Prince écrit Nothing Compares 2 U en 1985 pour le groupe The Family. O’Connor l’enregistre pour I Do Not Want What I Haven’t Got, sorti en 1990, et produit la piste elle-même. Elle va au numéro un en Grande-Bretagne et en Amérique. L’arrangement est sévère : un lit synthétique, une voix sans endroit où se cacher, une mélodie qui revient au même chagrin. John Maybury tourne la vidéo surtout comme un visage, à Paris, la Seine et le parc de Saint-Cloud aperçus puis abandonnés. Sur la ligne des fleurs que sa mère avait plantées, deux larmes coulent. Elle a dit qu’elle n’avait pas pleuré en studio. La caméra a fait ce que le micro n’avait pas fait. Sa mère, Marie, était morte dans un accident de voiture en 1985, quand Sinéad avait dix-huit ans. La relation avait été violente. Les larmes n’étaient pas le jeu d’une amoureuse. Elles étaient celles d’une fille.
Elle l’a dit clairement, des années plus tard, à la BBC et dans ses mémoires. Elle ne savait pas qu’elle allait pleurer dans la vidéo, parce qu’elle n’avait pas pleuré en l’enregistrant. Chaque fois qu’elle chantait la chanson elle pensait à sa mère. Elle n’a jamais cessé de pleurer pour elle. Le monde a entendu une rupture et est tombé amoureux d’une larme. Elle a laissé la mauvaise lecture en public et l’a corrigée quand elle le pouvait. Le texte de Prince, écrit dans la période brûlante autour de Purple Rain, est la plainte d’un amant. Dans sa bouche le mama du jardin devient le sujet. Les fleurs sont mortes quand tu es partie. Ce n’est pas une métaphore qu’elle a inventée. C’est la ligne qui a ouvert la serrure.

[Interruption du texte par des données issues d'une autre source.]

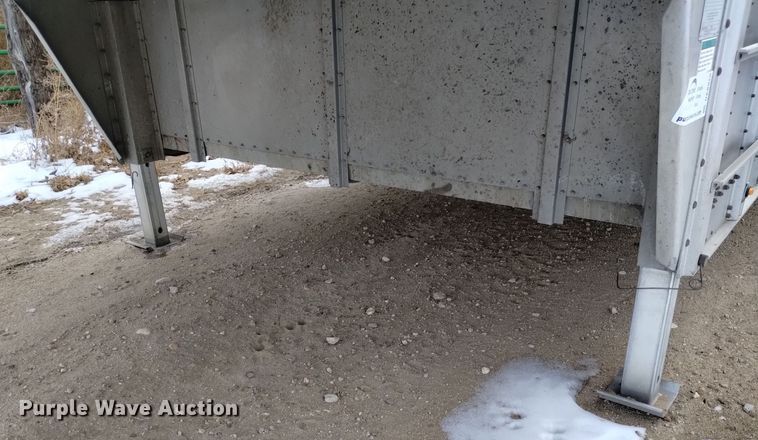 image for item DK8920 2014 Wilson PSDCL-402  livestock trailer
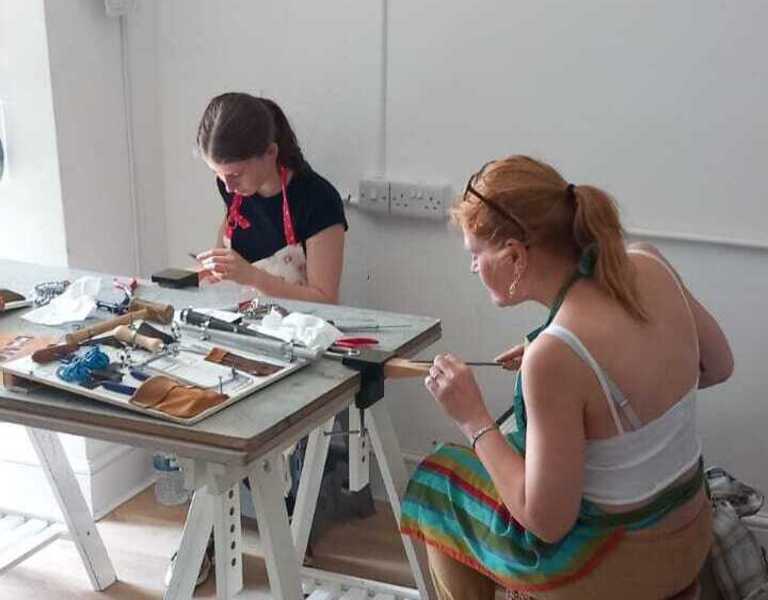 Classes  | Gypsy Jeweller | One to one jewellery tuition |  Learn enamelling and stone setting | Unique handcrafted jewellery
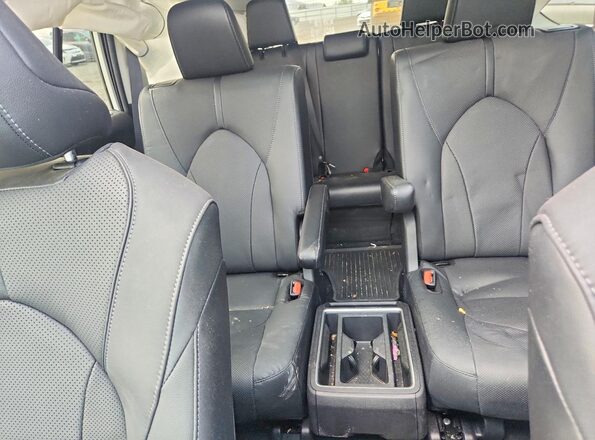 5TDACAB59SS050986 2025 TOYOTA GRAND White Widok tylnych siedzeń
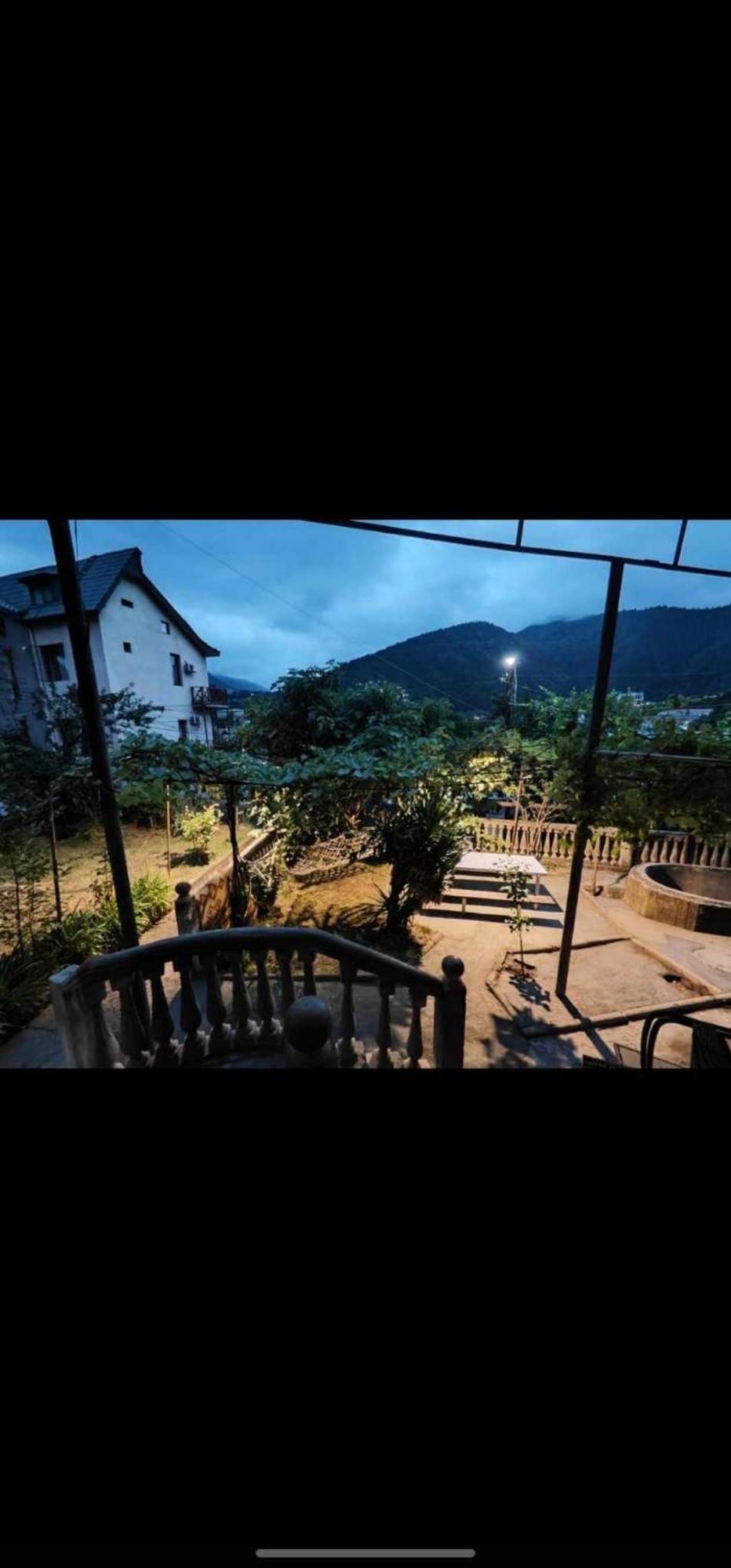 Shota'S Guest House Боржоми Екстериор снимка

Je ne savais pas que j’allais pleurer en chantant dans la vidéo, parce que je n’avais pas pleuré en l’enregistrant en studio. Chaque fois que je chante cette chanson je pense à ma mère.
(Sinéad O’Connor, BBC)
Le single l’a faite, brièvement, la chanteuse la plus visible du monde, ce qu’elle ne voulait pas et qu’elle n’a pas joué correctement. La tête rasée, le regard, le refus d’être reconnaissante de la façon habituelle, tout cela reposait sur une voix qui aurait pu être une carrière de ballades. Elle a choisi d’autres combats. La chanson est restée, reprise, revenue, jamais améliorée. Les versions plus tardives de Prince sont des curiosités à côté de celle-ci. L’original de The Family est un autre genre. Celle d’O’Connor est le standard, non parce qu’elle a mieux chanté que l’auteur, mais parce qu’elle a laissé une mort privée entrer dans une mélodie publique et n’a pas essuyé la preuve.

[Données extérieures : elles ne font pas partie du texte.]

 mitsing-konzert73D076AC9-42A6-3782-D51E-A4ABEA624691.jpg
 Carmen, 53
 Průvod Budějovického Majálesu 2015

Ce qui reste, c’est le visage, et le compte des jours. Sept heures et quinze jours, une précision qui rend le deuil administratif et donc pire. Les cordes ne consolent pas. La boîte à rythmes ne danse pas. Une jeune femme en 1990 regarde un objectif et échoue, pendant vingt secondes, à n’être qu’une chanteuse. Maybury a gardé l’échec. La radio l’a passé jusqu’à ce que la larme soit célèbre et la raison non. La raison est dans sa propre phrase, répétée chaque fois qu’on le lui demandait. La mère. Le jardin. La chanson qui devait parler d’un homme, et qui est devenue, dans la seule version qui compte, une visite.